A regulamentação dessas mudanças foi dada pela Lei Complementar 214/2025, marco que define o cronograma e as obrigações transicionais da reforma.
Com isso, a partir de 1º de janeiro de 2026, IBS e CBS passam a vigorar formalmente como tributos sobre consumo.
2. O anúncio mais recente: orientações oficiais para 2026
Em 02 de dezembro de 2025, o Receita Federal do Brasil (RFB), em conjunto com o Comitê Gestor do IBS, divulgou um comunicado com orientações para empresas sobre a entrada em vigor da CBS e do IBS.
Entre os pontos principais:
Confirmação de que as novas obrigações fiscais terão início em 2026.
Diretrizes para os contribuintes quanto aos fatos geradores e obrigações acessórias relativas aos novos tributos.
Reconhecimento de que muitas empresas ainda não adaptaram sistemas, o comunicado serve como alerta para quem presta serviços contábeis, consultoria fiscal ou gere faturamento de clientes.
3. O que dizem as “notas técnicas”: adaptações nos documentos fiscais eletrônicos
Para operacionalizar a reforma, foram publicadas uma série de notas técnicas, que alteram os leiautes dos Documentos Fiscais Eletrônicos (DFe) para permitir o destaque de IBS/CBS.
A Nota Técnica 2025.002 v.1.33, relativa à NF‑e e NFC‑e, publicada em 1º de dezembro de 2025, substituiu versões anteriores e atualizou as regras de validação, lendo novos campos para registro de IBS/CBS.
A Nota Técnica 2025.001 v.1.11, referente entre outros à NF3e (nota fiscal de energia elétrica), trouxe ajustes recentes: permite alíquota zero da CBS em áreas incentivadas; aperfeiçoa regras de cálculo; corrige falha que poderia gerar tributos negativos.

4. Adiamento da validação técnica: um alívio, porém sem folga
Apesar da data de 1º de janeiro de 2026 para vigência dos tributos, o fisco decidiu adiar a exigência de validação automática dos campos de IBS/CBS nas notas fiscais emitidas nesse início do ciclo.
Mas atenção: a obrigação legal de declarar IBS/CBS permanece, a ausência de validação técnica não retira a obrigação de informar os tributos conforme a nova lei.
Para quem presta serviços de contabilidade/consultoria tributária, esse “respiro” técnico pode dar margem de acomodação, mas o risco de autuação ou irregularidade existe se a empresa não se adaptar até a efetiva implementação da validação.
5. O impacto prático para empresas e consultores tributários (você incluso)
Com base no cenário acima, as consequências concretas para quem lida com tributos, contabilidade e emissão de notas fiscais:
Necessidade imediata de revisar sistemas e ERPs de emissão fiscal para suportar o novo leiaute com campos de IBS/CBS.
Readequação da classificação tributária, precificação de serviços e bens, contratos e orçamentos, em especial considerando que IBS/CBS substituem uma série de tributos atuais.
Revisão dos controles internos, fluxo de faturamento, e rotinas de apuração tributária para garantir conformidade.
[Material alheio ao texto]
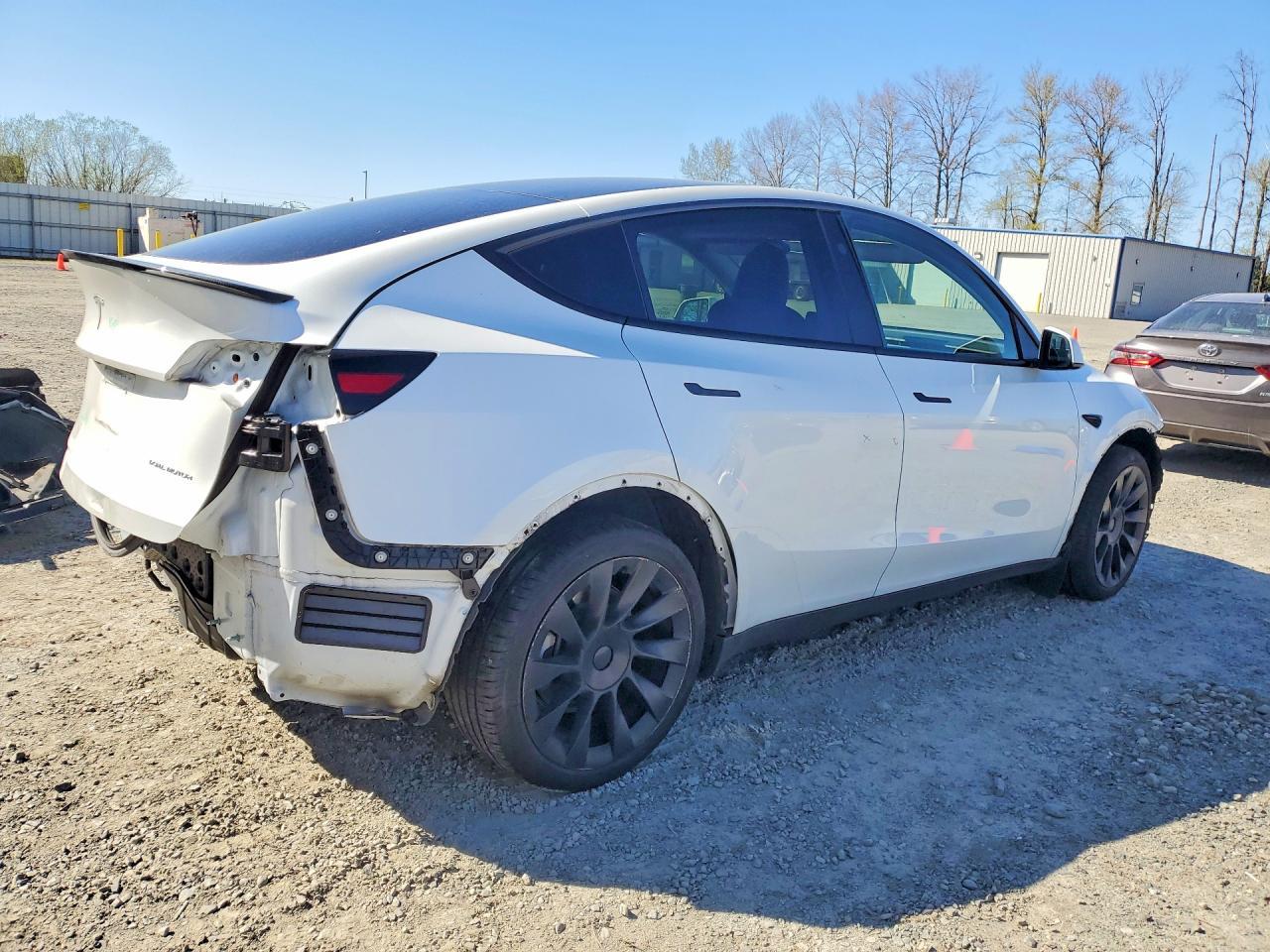 2024 Tesla Model Y - Image 3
Orientação rigorosa a clientes, muitos ainda podem estar despreparados ou subestimando o impacto técnico/operacional.
Preparação para um possível aumento da carga administrativa e custos de adaptação, especialmente para pequenas e médias empresas.
Para escritórios de consultoria/contabilidade, como o seu, a demanda por suporte técnico, planejamento tributário, implementação de sistemas e adequação à reforma tende a crescer muito.
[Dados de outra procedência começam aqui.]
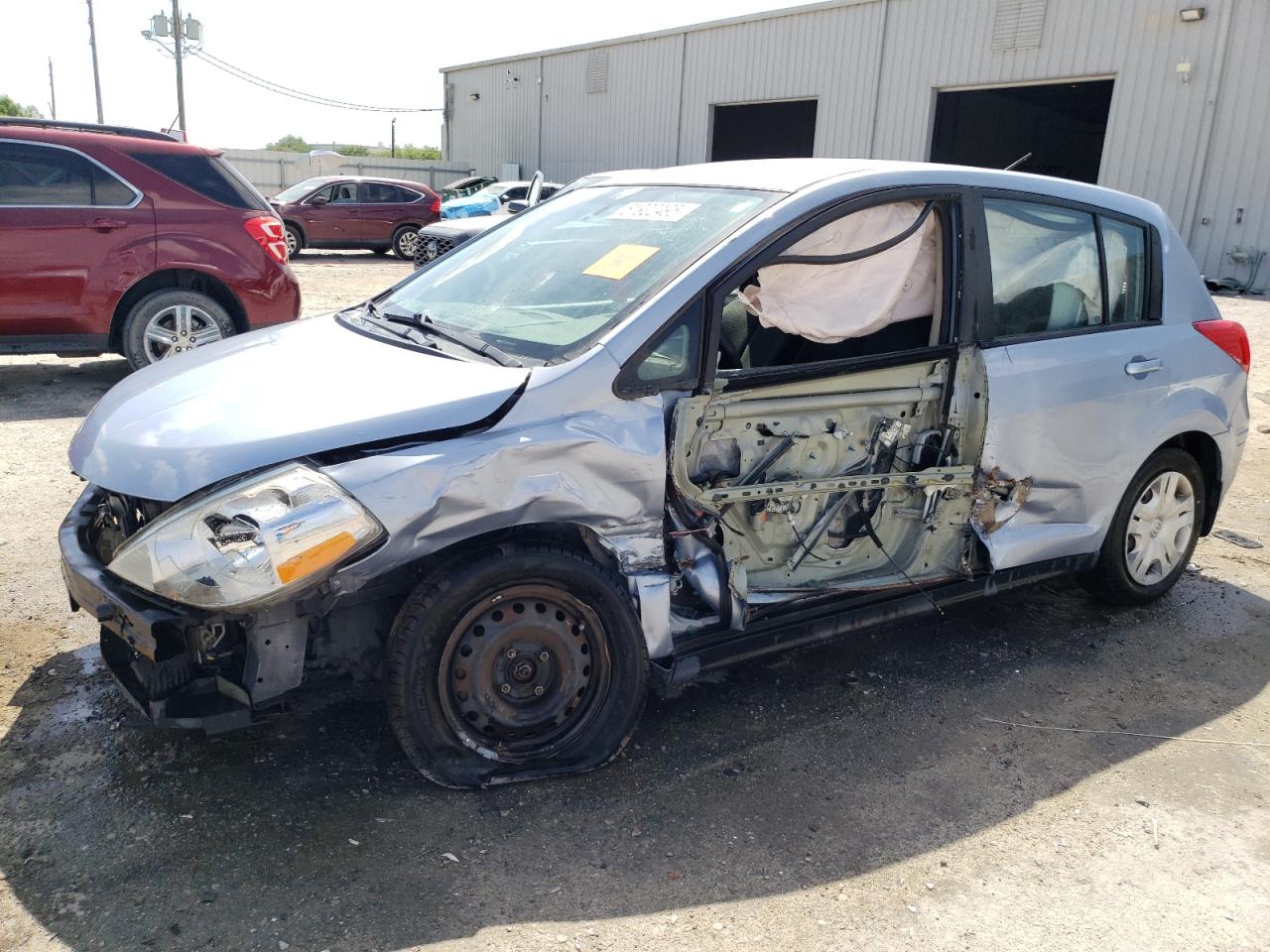NISSAN VERSA S 2012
6. Considerações finais & recomendações estratégicas
A modernização tributária com IBS/CBS representa uma mudança estrutural, técnica e conceitual, no sistema de tributação sobre consumo no Brasil. O anúncio recente da Receita + Comitê Gestor deixa claro: 2026 começa o novo regime, e o “compasso de espera” vai durar só por enquanto.
Para consultores e contadores visionários, duas palavras de ordem: antecipação e educação fiscal. Não basta esperar o fisco homologar tudo, quem agir rápido prestará um serviço estratégico e valioso para os clientes.
Minha sugestão direta (sem enrolação): monte um plano de transição para seus clientes, diagnóstico de sistemas, checklist de adaptação, atualização de contratos, treinamento de equipe. Quem fizer isso agora vai sair na frente.